Dupire's formula proof

Question

I just have a question for the beginning of a proof:

Suppose $\frac{dS_{t}}{S_{t}}=(r_{t}-q_{t})dt+\sigma(t,S_{t})dW_{t}$ with $r,q,S$ stochastic.

In the book I read, it is written:

We define the Arrow-Debreu price $\psi(x',y',z',t)$ as the present value of a derivative that pays off $\delta([S_{t},r_{t},q_{t}]-[x',y',z'])$ at time $t$. This is related to the $t$-forward measure probability density of $(x,y,z)$, $\phi(x,y,z,t)$ by: $$\psi(x,y,z,t)=B(0,t)\ \phi(x,y,z,t)$$ as can be seen from the defining equation for $\psi$ and $\phi$: $V(S_{0},r_{0},q_{0},t=0)=\iiint V(x,y,z,t)\ \psi(x,y,z,t)\ dx\ dy\ dz$ and $V(S_{0},r_{0},q_{0},t=0)=B(0,t)\ \iiint V(x,y,z,t)\ \phi(x,y,z,t)\ dx\ dy\ dz$

With these 2 last equations I understand why: $\psi(x,y,z,t)=B(0,t)\ \phi(x,y,z,t)$. But I don't understand why $V(S_{0},r_{0},q_{0},t=0)=\iiint V(x,y,z,t)\ \psi(x,y,z,t)\ dx\ dy\ dz$.

Because for me we have $V(S_{0},r_{0},q_{0},t=0)=\mathbb{E}^{Q}[e^{-\int_{0}^{t}r_{s}ds}\ V(S_{t},r_{t},q_{t},t)]$ so where is the discount term $e^{-\int_{0}^{t}r_{s}ds}$ gone? Thanks

Answer 1

I think you are confused by the definitions and interpretations of $\psi(x,y,z,t)$ and $\phi(x,y,z,t)$.

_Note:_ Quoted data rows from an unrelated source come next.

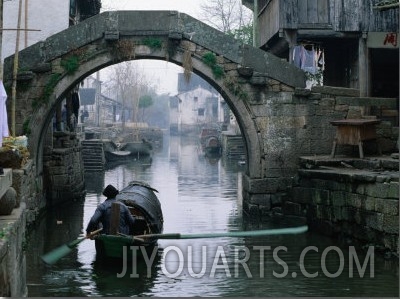A Bamboo Boat Makes Its Way Through Shaoxing Water Town, Shaoxing, Zhejiang, China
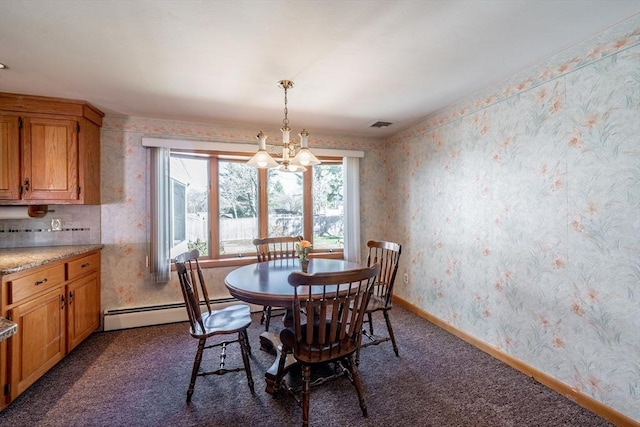 dining area with dark colored carpet, baseboards, wallpapered walls, a baseboard heating unit, and an inviting chandelier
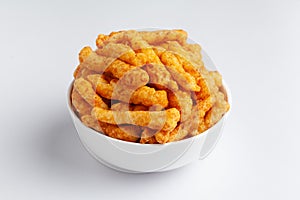 Close up of tangy Potato Puff Snacks sticks, Popular Ready to eat crunchy and puffed snacks sticks tangy spicy  orange color over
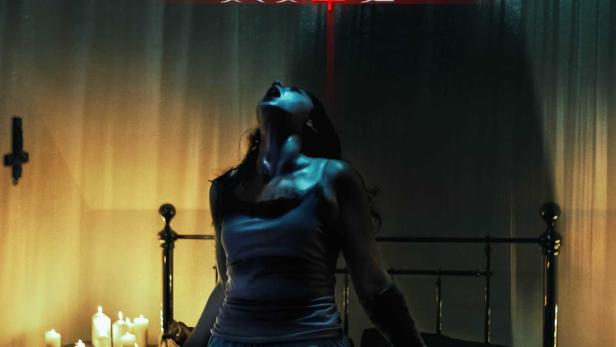 Eine gefesselte Frau kniet auf einem Bett, im Hintergrund das Filmposter für „The Last Rite“.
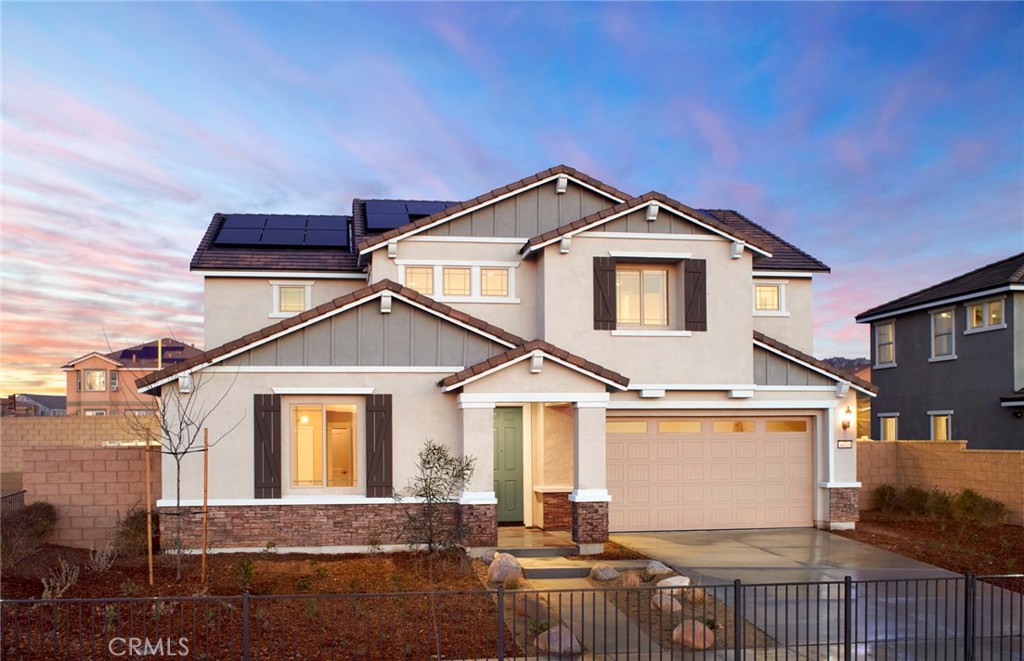 4635 Stratford Place Perris, CA 92571 - Photo 1 of 16 a front view of a house with a yard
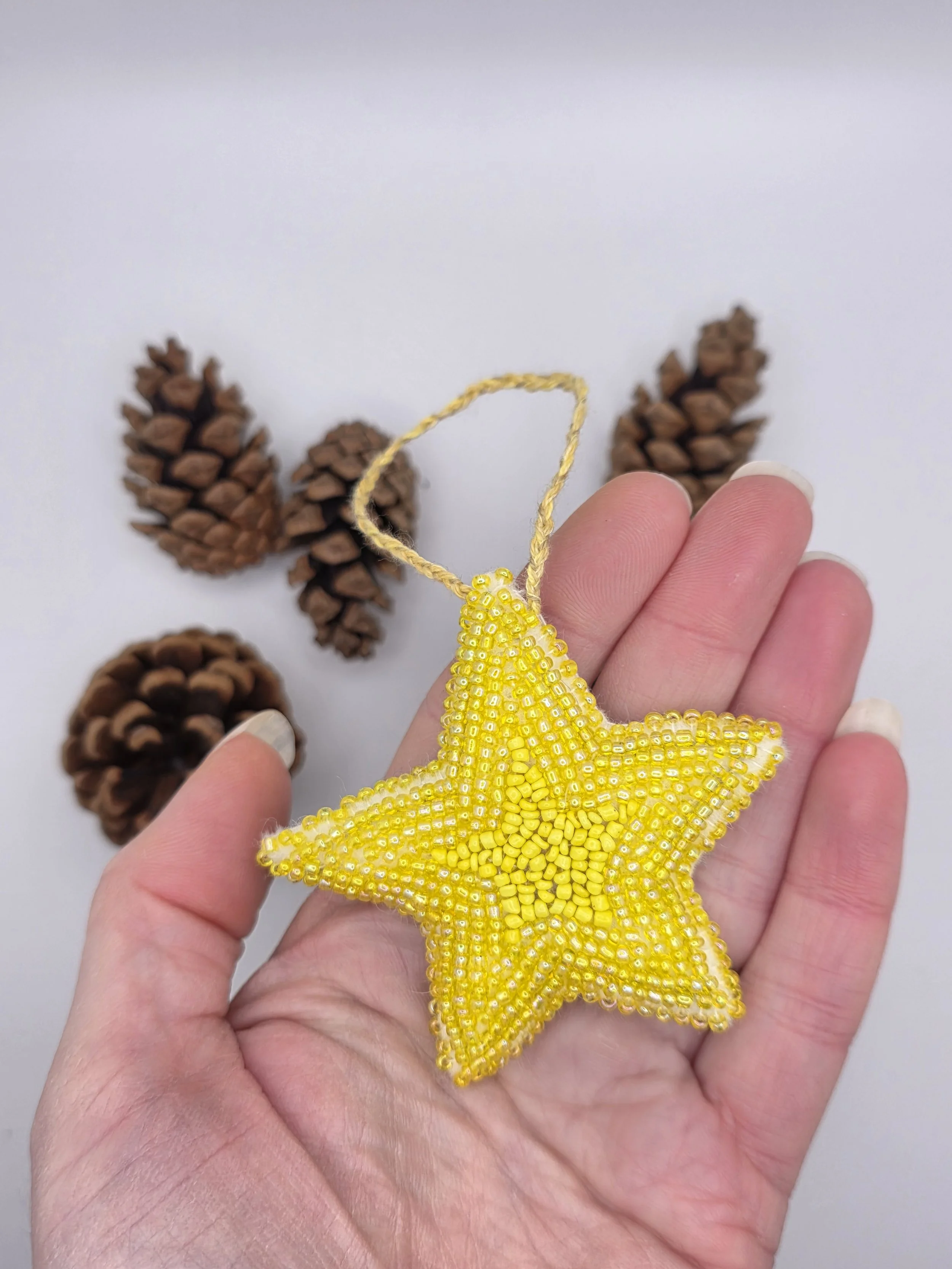 Handmade yellow bead-embroidered star lying flat in an open hand against a neutral background.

• The quantity $\phi(x,y,z,t)$ is a probability density function. Infinitesimally, it represents the probability of transitioning from an initial state $[S_t,r_t,q_t]=[S_0,r_0,q_0]$ at $t=0$ to a state $[S_t,r_t,q_t]=[x,y,z]$ at $t>0$. As such, $\phi(x,y,z,t)$ is the solution of the Fokker-Planck equation (or Kolmogorov forward equation) associated to the SDEs of $S_t, r_t$ and $q_t$ with initial condition $\phi(x,y,z,t=0)=\delta([x,y,z]-[S_0,r_0,q_0])$. Since you seem to be familiar with risk-neutral pricing, if $$\phi(x,y,z) = \frac{d\mathbb{Q}\left([S_t, r_t, q_t] \leq [x,y,z]\right)}{d[x,y,z]}$$ and $\mathbb{Q}$ represents the $t$-forward measure one can write: \begin{align} V(S_{0},r_{0},q_{0},t=0) &:= \mathbb{E}^\mathbb{Q}_0 \left[ B(0,t) V(S_t, r_t, q_t, t) \right] \\ &= \iiint B(0,t) V(S_t,r_t,q_t,t)\phi(S_t,r_t,q_t,t)dS_t dr_t dq_t \end{align}

• The quantity $\psi(x,y,z,t)$ represents a state price, i.e. the price of a so-called Arrow-Debreu security which pays off $1$ unit of currency at time $t$ if and only if the world ends up in the specific state $[S_t,r_t,q_t]=[x,y,z]$, \begin{align} \psi(x,y,z,t) &= \mathbb{E}^\mathbb{Q}\left[ B(0,t) \delta([S_t,r_t,q_t]-[x,y,z]) \right] \\ &= \iiint B(0,t) \delta([S_t,r_t,q_t]-[x,y,z]) \phi(S_t, r_t, q_t, t) dS_t dr_t dq_t \\ &= B(0,t) \phi(x, y, z) \end{align} This means that you can in turn write $$ V(S_{0},r_{0},q_{0},t=0):=\iiint V(S_t,r_t,q_t,t)\psi(S_t,r_t,q_t,t)dS_t dr_t dq_t $$ which corresponds to pricing your contingent claim as a weighted sum of elementary securities of known prices $\psi(S_t,r_t,q_t,t)$ covering all future possible states of the world, better known as the state price density.